Hace unas semanas la vida y el Río Magdalena me unieron, como lo hacen sus aguas en el delta cuando llegan al mar, con un ser de otro mundo.
Bueno, sin caer en vicios literarios, por cuestiones de negocios en una oficina de la vía 40 con vista al río, conocí a una persona nativa de una isla lejana de donde solo hay unos 7 mil habitantes quienes además de preservar un tesoro cultural de la humanidad, son personas que tienen una conexión natural y ancestral con los mares y ríos de nuestro planeta. Me refiero a la isla “Rapa Nui”, más conocida como “Isla de Pascua”, ubicada al sur del pacífico en el mar de la Polinesia.
Pero más que la procedencia exótica, lo que me impresionó fue su conexión genuina y fantástica con el Río Magdalena, sus pueblos, su historia, su cultura.
Siento un poco de vergüenza cuando conozco extranjeros que se admiran por nuestro río y ven todo el potencial comercial, turístico y cultural que corre por sus aguas. Mientras la mayoría de los colombianos lo tenemos abandonado en el patio de atrás.

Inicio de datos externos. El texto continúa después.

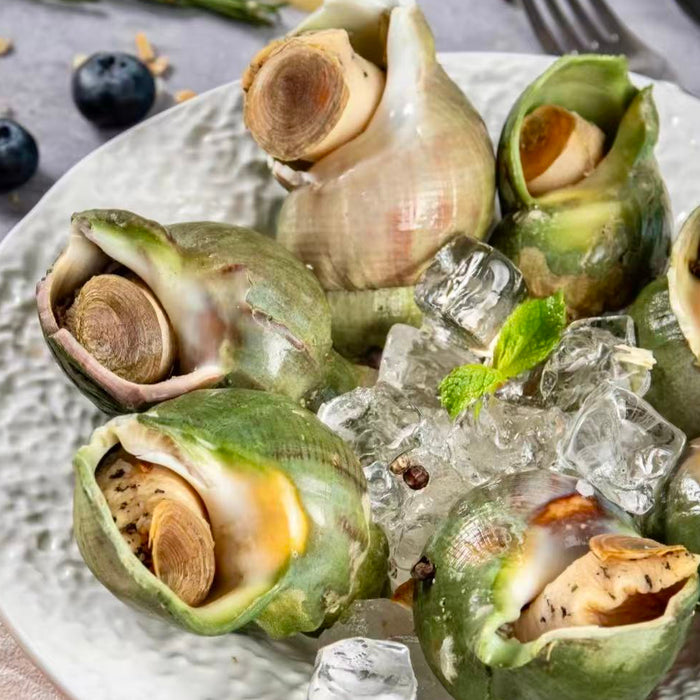 Canadian Wild Frozen Jade Whelk – Premium Cooked Sea Snail
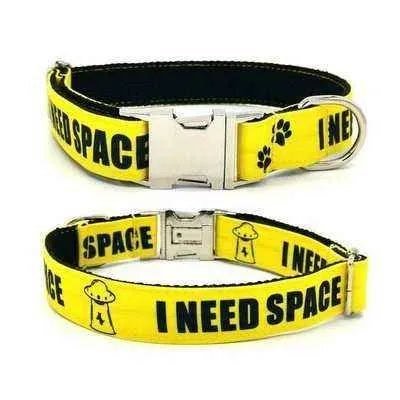 Personalised Pet Collar with Engraved Name - Finnigan's Play Pen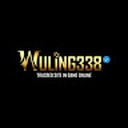 wuling338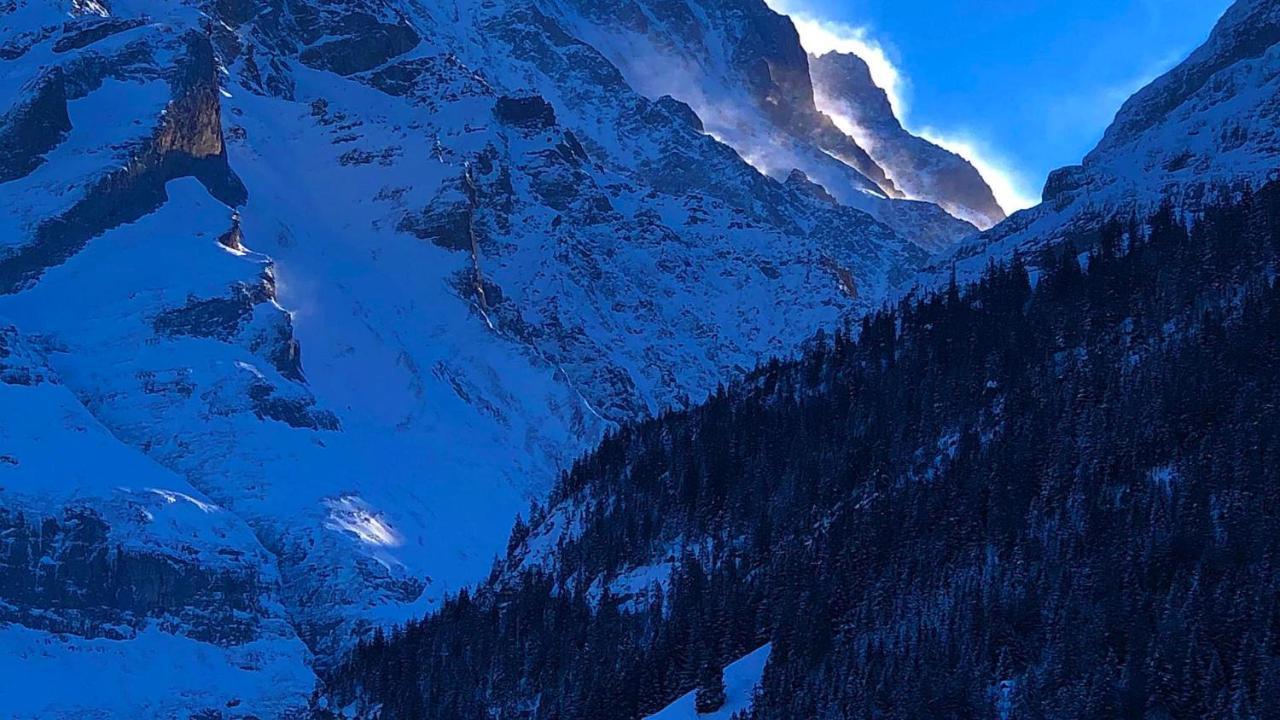 Romantisches Plaetzchen In Der Natur Grindelwald Exterior photo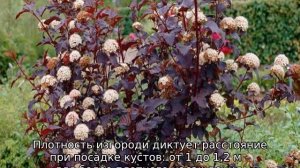Быстрорастущие кусты для живой изгороди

Hablar con él me recordó a Wade Davis, autor del libro Magdalena River, investigador y escritor canadiense apasionado por los ríos del mundo, pero evidentemente enamorado del gran Río. Wade se aventuró durante varios años en una travesía por sus aguas desde su nacimiento en el Páramo de las Papas hasta Bocas de Cenizas, narrando con una escritura exquisita la historia de Colombia teniendo al río como protagonista.
Hace unas semanas mi nuevo amigo continental me invitó a una de sus travesías, lo que para él era una jornada normal, para mi fue toda una aventura.
Pude ver con mis propios ojos, respirar y sentir la grandeza de nuestra naturaleza. La belleza de sus pueblos con sus iglesias mirando al río. Los pescadores en sus faenas, las aves volando en batido, las babillas con la boca abierta cazando mariposas, pero también la erosión de sus costas que ponen en peligro de inundación a sus habitantes, las manchas aceitosas en el agua de vertimientos ilegales, botellas, icopores, bolsas y hasta chancletas que recorren kilómetros flotando en un viaje de desgracia.
Con el atardecer llegamos a Mompox, mientras atracábamos en el muelle, el naranja del cielo y el dorado del sol pintaban las cúpulas de sus majestuosas iglesias, sentí un aire de esperanza. Gracias a este ser de otro mundo y los innumerables extranjeros que se atreven a descubrir la Colombia profunda. Muy pronto AMAremos tanto a nuestro río, que seremos más conscientes y lo aprovecharemos como lo hicieron nuestros ancestros.